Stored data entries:
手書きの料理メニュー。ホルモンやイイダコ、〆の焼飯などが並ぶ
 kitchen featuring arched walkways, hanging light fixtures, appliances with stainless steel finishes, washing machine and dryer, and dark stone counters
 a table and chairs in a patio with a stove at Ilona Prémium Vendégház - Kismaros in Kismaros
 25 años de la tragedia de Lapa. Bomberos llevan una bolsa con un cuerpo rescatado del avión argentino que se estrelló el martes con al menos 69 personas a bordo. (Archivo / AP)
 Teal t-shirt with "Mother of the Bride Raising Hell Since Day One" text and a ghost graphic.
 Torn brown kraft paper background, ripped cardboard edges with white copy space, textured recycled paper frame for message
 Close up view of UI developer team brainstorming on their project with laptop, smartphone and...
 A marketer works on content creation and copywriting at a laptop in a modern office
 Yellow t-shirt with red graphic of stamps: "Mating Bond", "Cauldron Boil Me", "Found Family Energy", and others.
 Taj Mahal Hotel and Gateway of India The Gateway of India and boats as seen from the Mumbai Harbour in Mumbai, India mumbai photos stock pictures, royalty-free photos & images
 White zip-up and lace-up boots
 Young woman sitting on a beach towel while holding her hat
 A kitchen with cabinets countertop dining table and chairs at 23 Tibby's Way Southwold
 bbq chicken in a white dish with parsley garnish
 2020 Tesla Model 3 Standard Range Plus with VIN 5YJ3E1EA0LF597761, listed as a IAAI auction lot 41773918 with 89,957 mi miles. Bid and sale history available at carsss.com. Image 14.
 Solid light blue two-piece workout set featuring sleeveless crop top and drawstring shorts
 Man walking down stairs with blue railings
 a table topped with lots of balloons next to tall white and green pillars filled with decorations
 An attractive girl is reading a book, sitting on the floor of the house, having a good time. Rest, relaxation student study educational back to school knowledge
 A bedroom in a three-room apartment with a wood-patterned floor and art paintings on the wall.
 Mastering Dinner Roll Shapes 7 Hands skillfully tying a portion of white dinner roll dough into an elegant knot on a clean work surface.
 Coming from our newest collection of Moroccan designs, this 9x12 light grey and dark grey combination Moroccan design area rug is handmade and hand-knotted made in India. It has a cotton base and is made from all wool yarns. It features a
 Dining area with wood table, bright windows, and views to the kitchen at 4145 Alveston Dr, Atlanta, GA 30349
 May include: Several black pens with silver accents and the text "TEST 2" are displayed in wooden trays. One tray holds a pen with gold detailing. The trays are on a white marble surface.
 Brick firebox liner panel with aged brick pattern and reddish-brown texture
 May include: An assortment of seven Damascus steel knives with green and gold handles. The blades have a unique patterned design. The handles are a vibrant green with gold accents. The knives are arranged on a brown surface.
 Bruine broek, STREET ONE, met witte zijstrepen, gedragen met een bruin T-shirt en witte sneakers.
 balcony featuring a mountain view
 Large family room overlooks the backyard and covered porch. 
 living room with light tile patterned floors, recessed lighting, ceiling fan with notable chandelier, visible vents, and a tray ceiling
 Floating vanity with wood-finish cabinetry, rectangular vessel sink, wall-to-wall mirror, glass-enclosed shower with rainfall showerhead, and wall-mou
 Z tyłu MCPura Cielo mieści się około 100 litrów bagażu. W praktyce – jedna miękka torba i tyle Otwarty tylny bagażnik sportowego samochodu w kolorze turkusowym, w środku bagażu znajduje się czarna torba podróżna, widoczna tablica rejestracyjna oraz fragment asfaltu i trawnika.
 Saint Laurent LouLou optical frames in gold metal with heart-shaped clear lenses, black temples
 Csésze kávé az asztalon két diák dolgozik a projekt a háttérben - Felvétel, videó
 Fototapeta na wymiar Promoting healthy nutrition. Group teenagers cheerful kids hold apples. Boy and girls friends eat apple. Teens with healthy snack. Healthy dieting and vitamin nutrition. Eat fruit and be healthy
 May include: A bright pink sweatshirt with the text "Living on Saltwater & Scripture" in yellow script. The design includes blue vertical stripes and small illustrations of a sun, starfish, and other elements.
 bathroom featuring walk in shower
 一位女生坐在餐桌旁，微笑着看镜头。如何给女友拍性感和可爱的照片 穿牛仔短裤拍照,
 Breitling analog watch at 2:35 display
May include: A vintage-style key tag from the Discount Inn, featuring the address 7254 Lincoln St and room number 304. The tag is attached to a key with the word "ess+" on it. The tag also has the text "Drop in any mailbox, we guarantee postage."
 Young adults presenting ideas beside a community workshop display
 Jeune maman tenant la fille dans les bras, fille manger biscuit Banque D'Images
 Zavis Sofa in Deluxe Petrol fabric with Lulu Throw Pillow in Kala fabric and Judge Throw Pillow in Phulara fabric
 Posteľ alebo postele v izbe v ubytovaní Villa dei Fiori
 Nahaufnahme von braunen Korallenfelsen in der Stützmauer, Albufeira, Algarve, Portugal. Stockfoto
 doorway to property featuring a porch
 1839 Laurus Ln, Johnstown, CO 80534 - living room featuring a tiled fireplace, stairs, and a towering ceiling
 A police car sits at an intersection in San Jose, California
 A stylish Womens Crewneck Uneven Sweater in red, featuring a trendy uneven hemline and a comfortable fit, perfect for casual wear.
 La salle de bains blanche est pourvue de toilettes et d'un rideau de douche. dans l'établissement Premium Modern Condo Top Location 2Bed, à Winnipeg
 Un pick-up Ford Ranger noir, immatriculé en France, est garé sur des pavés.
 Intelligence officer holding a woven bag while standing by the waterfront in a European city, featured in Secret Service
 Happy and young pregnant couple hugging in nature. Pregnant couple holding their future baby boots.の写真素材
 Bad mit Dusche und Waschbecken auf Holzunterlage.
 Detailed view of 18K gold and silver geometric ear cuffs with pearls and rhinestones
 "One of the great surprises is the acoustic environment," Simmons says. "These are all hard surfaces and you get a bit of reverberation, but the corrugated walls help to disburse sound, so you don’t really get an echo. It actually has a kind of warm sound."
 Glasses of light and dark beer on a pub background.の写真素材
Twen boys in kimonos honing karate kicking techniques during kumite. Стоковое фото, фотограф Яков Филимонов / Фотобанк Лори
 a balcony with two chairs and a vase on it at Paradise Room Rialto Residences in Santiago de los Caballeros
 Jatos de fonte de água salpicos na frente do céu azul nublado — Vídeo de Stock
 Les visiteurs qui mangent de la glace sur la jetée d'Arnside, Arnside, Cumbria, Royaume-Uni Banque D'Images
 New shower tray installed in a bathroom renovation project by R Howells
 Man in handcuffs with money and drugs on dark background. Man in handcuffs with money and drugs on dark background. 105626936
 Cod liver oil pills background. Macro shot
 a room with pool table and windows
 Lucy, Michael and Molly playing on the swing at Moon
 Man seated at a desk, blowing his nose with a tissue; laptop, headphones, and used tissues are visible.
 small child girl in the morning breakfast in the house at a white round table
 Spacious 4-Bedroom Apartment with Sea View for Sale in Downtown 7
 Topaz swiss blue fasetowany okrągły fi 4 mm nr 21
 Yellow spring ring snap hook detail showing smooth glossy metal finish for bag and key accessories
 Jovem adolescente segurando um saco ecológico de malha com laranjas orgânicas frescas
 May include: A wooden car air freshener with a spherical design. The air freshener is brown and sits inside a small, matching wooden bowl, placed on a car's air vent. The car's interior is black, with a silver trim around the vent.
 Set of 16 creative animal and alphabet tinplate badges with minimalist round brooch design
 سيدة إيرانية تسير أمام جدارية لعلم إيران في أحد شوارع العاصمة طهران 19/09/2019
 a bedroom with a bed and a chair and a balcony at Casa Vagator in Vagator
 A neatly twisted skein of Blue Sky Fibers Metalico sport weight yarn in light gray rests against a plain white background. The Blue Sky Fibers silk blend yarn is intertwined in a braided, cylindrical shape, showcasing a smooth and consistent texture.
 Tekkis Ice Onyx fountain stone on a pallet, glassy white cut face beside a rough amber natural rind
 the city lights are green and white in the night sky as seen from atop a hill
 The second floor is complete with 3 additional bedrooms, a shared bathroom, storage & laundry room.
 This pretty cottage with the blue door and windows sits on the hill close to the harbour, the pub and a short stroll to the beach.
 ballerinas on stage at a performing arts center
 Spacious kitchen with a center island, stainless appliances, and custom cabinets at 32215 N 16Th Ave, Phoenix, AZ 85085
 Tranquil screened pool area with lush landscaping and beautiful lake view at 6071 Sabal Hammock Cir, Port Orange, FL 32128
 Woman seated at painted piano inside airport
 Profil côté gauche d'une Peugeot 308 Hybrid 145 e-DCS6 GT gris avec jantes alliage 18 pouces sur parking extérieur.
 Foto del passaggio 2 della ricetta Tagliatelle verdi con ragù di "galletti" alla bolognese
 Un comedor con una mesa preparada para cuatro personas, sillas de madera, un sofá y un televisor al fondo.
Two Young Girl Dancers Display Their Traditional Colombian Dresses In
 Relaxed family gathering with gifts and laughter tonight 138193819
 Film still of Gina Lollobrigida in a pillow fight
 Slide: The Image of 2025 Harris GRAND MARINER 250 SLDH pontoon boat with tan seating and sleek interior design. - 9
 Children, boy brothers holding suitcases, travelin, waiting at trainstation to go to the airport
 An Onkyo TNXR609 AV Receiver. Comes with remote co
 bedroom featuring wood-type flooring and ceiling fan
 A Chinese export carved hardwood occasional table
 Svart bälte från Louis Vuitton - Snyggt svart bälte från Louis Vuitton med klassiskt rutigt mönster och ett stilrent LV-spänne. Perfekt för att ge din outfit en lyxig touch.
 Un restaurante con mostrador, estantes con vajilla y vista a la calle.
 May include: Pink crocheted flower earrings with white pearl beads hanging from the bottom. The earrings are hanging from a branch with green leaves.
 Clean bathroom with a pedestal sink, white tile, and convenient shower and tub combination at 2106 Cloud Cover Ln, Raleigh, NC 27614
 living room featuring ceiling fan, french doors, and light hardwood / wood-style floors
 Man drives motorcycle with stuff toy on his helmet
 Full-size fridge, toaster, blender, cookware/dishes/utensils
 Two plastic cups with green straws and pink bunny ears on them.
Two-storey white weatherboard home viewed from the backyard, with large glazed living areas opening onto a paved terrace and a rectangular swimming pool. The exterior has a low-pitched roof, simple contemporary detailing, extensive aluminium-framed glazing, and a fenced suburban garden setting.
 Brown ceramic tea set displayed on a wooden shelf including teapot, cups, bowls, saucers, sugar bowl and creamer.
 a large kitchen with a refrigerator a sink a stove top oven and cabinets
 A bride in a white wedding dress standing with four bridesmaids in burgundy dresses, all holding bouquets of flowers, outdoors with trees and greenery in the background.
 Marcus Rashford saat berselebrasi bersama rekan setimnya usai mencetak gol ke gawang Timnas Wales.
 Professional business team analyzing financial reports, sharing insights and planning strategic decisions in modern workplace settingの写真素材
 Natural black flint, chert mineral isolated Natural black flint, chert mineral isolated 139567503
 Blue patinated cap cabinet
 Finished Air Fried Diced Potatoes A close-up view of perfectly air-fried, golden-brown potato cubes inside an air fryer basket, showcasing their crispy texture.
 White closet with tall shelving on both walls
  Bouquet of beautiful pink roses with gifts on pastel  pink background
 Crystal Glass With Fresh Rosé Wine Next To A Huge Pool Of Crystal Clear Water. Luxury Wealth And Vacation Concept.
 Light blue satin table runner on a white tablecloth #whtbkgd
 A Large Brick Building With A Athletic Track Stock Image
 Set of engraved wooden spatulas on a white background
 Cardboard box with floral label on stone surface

### WHAT IS NEEDED
Retype, exactly and in full, the lines above from the one containing "of the great" through the one containing "a room with pool table and windows".

### RESPONSE TO THIS EXERCISE
 "One of the great surprises is the acoustic environment," Simmons says. "These are all hard surfaces and you get a bit of reverberation, but the corrugated walls help to disburse sound, so you don’t really get an echo. It actually has a kind of warm sound."
 Glasses of light and dark beer on a pub background.の写真素材
Twen boys in kimonos honing karate kicking techniques during kumite. Стоковое фото, фотограф Яков Филимонов / Фотобанк Лори
 a balcony with two chairs and a vase on it at Paradise Room Rialto Residences in Santiago de los Caballeros
 Jatos de fonte de água salpicos na frente do céu azul nublado — Vídeo de Stock
 Les visiteurs qui mangent de la glace sur la jetée d'Arnside, Arnside, Cumbria, Royaume-Uni Banque D'Images
 New shower tray installed in a bathroom renovation project by R Howells
 Man in handcuffs with money and drugs on dark background. Man in handcuffs with money and drugs on dark background. 105626936
 Cod liver oil pills background. Macro shot
 a room with pool table and windows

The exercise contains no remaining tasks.